** Opening Data provided block **
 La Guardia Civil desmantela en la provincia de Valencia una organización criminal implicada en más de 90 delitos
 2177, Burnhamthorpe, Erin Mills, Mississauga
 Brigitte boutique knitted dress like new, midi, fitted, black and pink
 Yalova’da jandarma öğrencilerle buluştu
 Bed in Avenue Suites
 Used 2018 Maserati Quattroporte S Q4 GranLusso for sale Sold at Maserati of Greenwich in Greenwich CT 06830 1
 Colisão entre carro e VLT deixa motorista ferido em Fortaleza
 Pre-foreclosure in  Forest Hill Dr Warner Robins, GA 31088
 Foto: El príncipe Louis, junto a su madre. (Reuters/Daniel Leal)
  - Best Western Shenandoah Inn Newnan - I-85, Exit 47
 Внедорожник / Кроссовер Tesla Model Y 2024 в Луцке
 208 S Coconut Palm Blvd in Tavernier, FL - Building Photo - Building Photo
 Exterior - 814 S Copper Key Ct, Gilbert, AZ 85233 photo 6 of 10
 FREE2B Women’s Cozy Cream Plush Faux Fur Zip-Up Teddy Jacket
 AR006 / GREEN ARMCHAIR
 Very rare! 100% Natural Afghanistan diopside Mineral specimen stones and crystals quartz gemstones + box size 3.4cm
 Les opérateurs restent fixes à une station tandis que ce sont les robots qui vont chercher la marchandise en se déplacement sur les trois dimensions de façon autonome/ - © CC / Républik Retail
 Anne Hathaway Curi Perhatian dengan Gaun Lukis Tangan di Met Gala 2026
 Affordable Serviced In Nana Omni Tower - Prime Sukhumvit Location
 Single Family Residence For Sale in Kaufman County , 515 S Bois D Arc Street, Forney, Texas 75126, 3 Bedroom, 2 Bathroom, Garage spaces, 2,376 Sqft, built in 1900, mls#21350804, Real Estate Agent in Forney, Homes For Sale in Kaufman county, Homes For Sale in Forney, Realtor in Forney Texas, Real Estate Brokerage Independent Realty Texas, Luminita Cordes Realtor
** Closing Data provided block **
Directions for this task: Each line in the entries above, starting at the line with "- Best Western" and ending at the line with "Very rare! 100%", is to be printed exactly, and only those lines.

Result:
  - Best Western Shenandoah Inn Newnan - I-85, Exit 47
 Внедорожник / Кроссовер Tesla Model Y 2024 в Луцке
 208 S Coconut Palm Blvd in Tavernier, FL - Building Photo - Building Photo
 Exterior - 814 S Copper Key Ct, Gilbert, AZ 85233 photo 6 of 10
 FREE2B Women’s Cozy Cream Plush Faux Fur Zip-Up Teddy Jacket
 AR006 / GREEN ARMCHAIR
 Very rare! 100% Natural Afghanistan diopside Mineral specimen stones and crystals quartz gemstones + box size 3.4cm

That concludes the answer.